L'ensemble est donc d'une lecture très stimulante. Ces jeunes chercheurs s'emparent, avec des approches souvent originales et avec beaucoup de rigueur, d'un sujet "à la mode", mais qui mérite la recherche accrue dont il bénéficie depuis une dizaine d'années. On peut simplement regretter la quasi absence de prise en considération des résultats de la recherche francophone - que l'espace de ce compte-rendu ne permet pas de tous citer - dans les différents articles. Mais l'inverse - l'absence des travaux allemands dans la recherche française - est plus vrai encore.
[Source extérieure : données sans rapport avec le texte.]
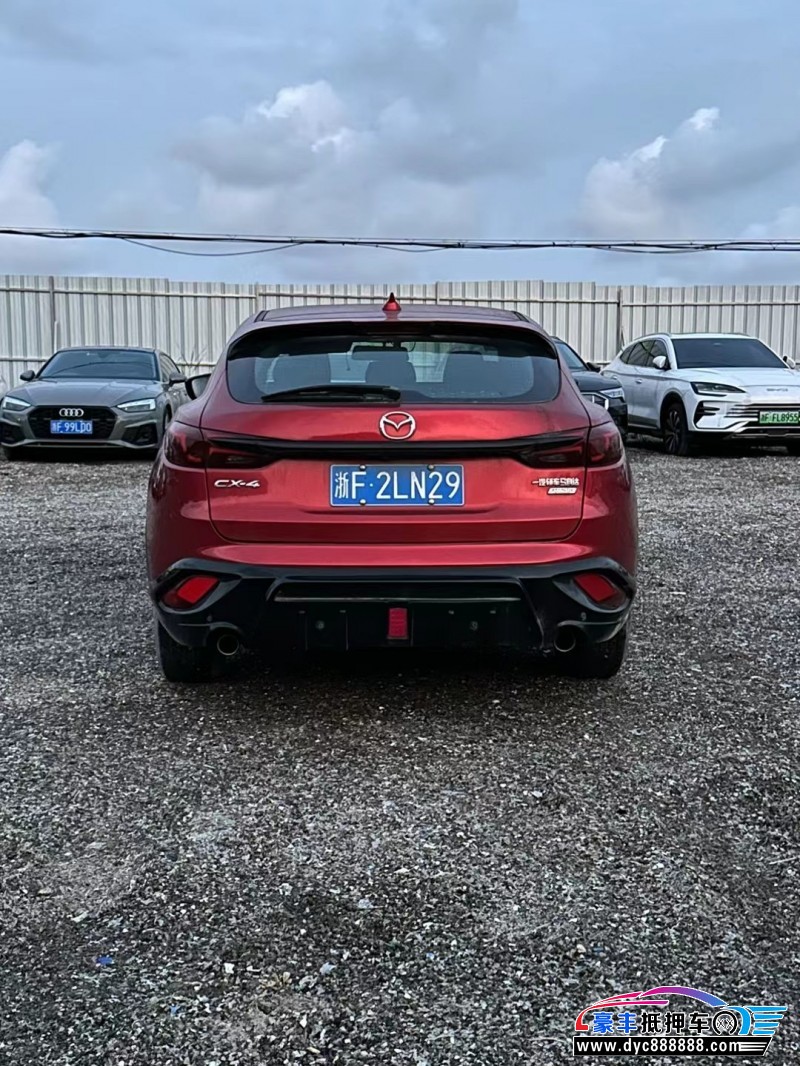 19年马自达CX-4轿车抵押车出售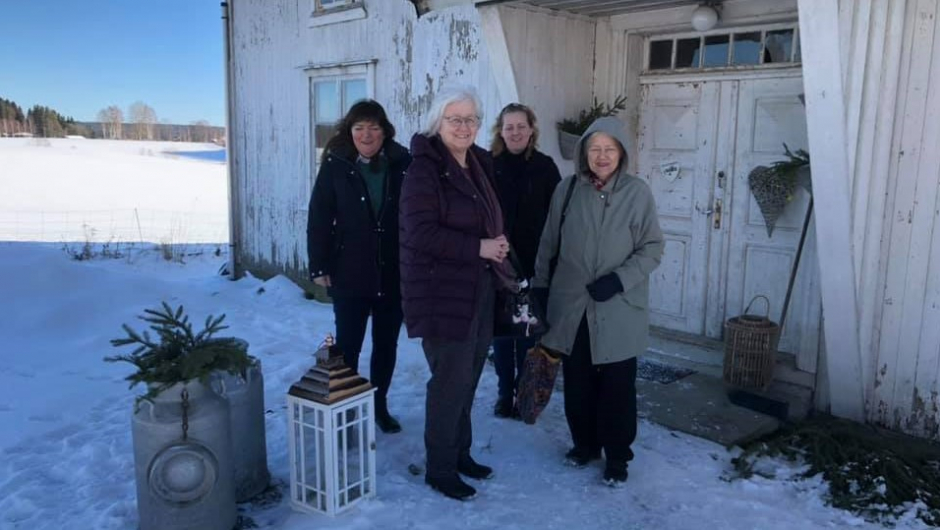 Bygdekvinner utenfor butikken Noen besøkende utenfor butikken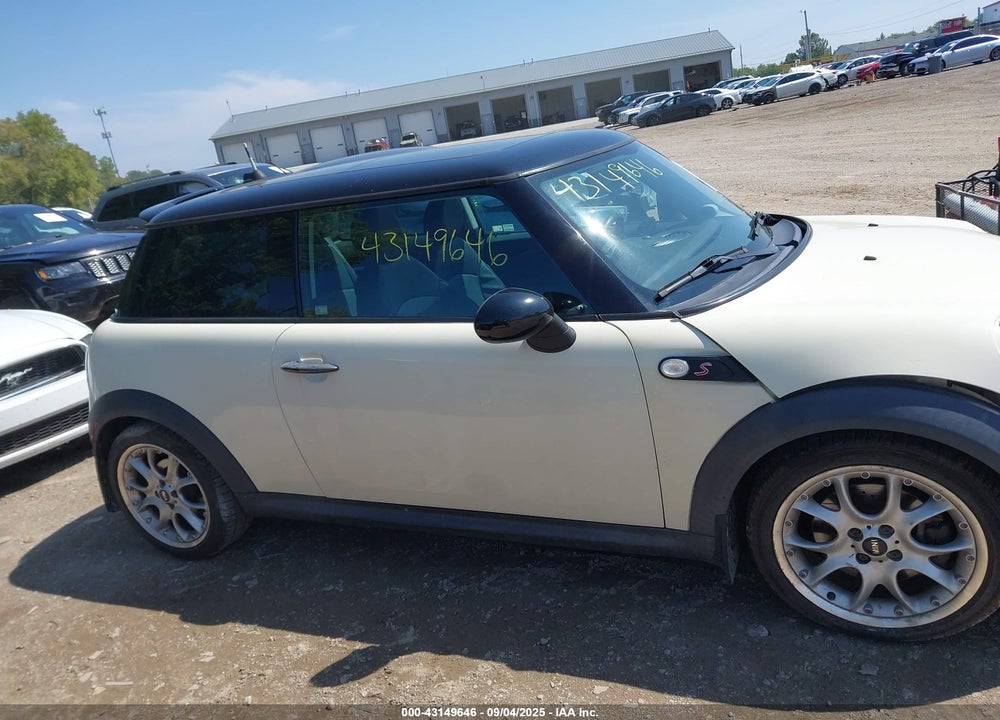 2008 MINI COOPER S VIN: WMWMF73558TT90634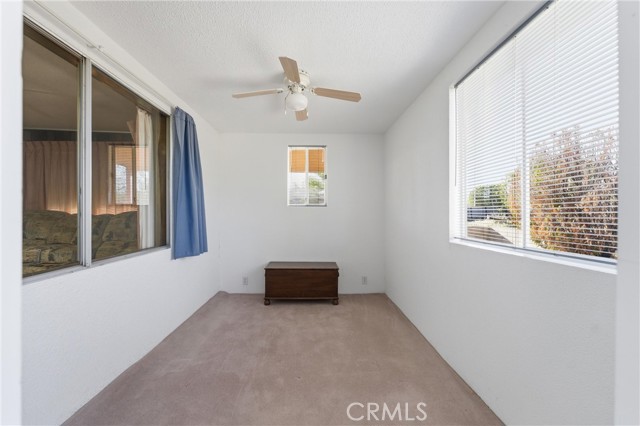 Detail Gallery Image 6 of 35 For 3322 Dawn, Rosamond,  CA 93560 - 4 Beds | 1/2 Baths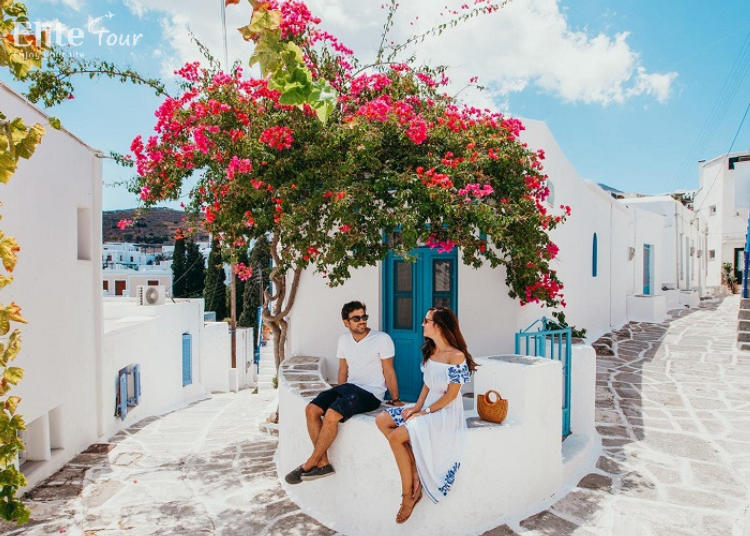 Tour Hy Lạp - Santorini - Albania - Bắc Macedonia - Bulgaria - Romania 12N11Đ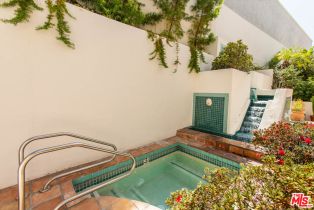 Condominium, 15500 Sunset blvd, Pacific Palisades, CA 90272 - 4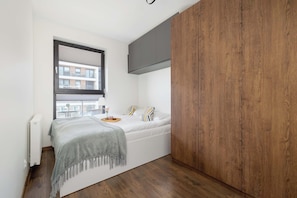 1 bedroom, iron/ironing board, travel crib, WiFi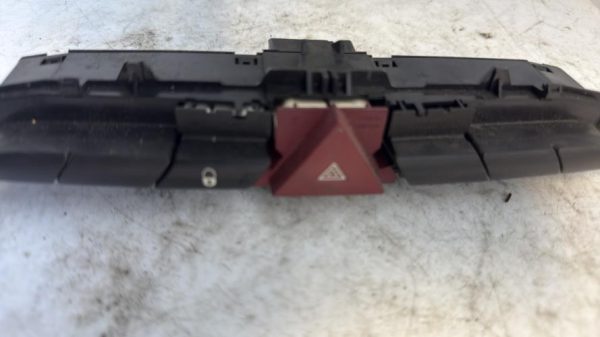 Bouton de warning PEUGEOT 308 1 PHASE 1 image 1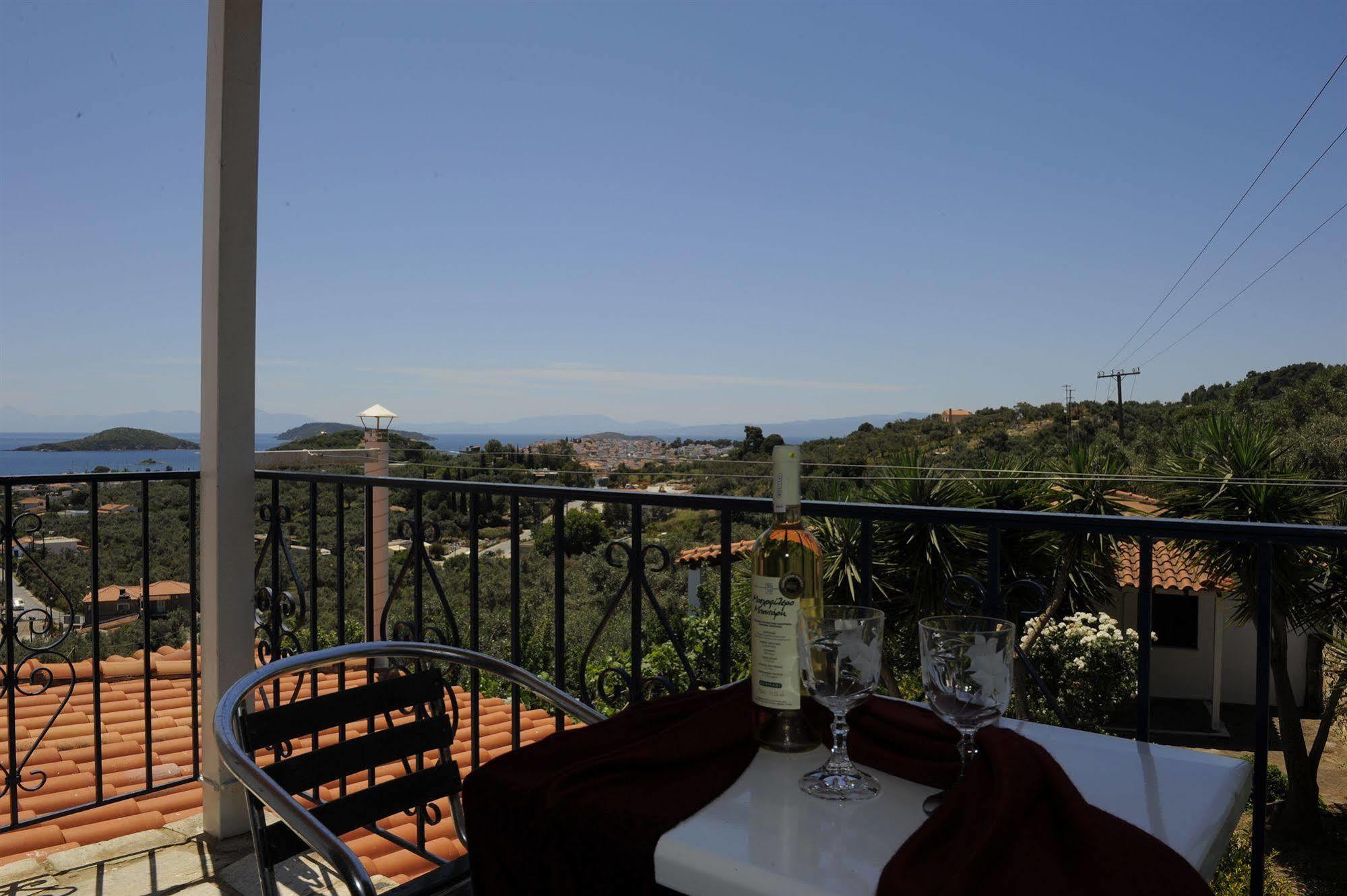 Camelia 3* Skiathos Town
On peut donc exprimer le souhait que ce rapprochement scientifique s'intensifie.
Notes:
[1] https://lettres.sorbonne-universite.fr/evenements/histoire-sensorielle-de-la-guerre-dans-les-mondes-anciens
[2] Cyril Courrier : La Plèbe de Rome et sa culture (fin du IIe siècle av. J.-C. - fin du Ier siècle ap. J.-C.), Roma 2014 (Bibliothèque des Écoles françaises d'Athènes et de Rome; 353).
[3] Simon Cahanier : "El suicidio de los Saguntinos : comentarios sobre la invención e integración de un trauma colectivo ficticio en la memoria cultural romana", in : Patricia Bou Pérez (dir.), Miedo, trauma y violencia en las guerras de la Antigüedad, Revista Universitaria de Historia Militar, 9.19, 2020, 36-55; Vincent Vandenberg : De chair et de sang. Images et pratiques du cannibalisme de l'Antiquité au Moyen Âge, Rennes 2014.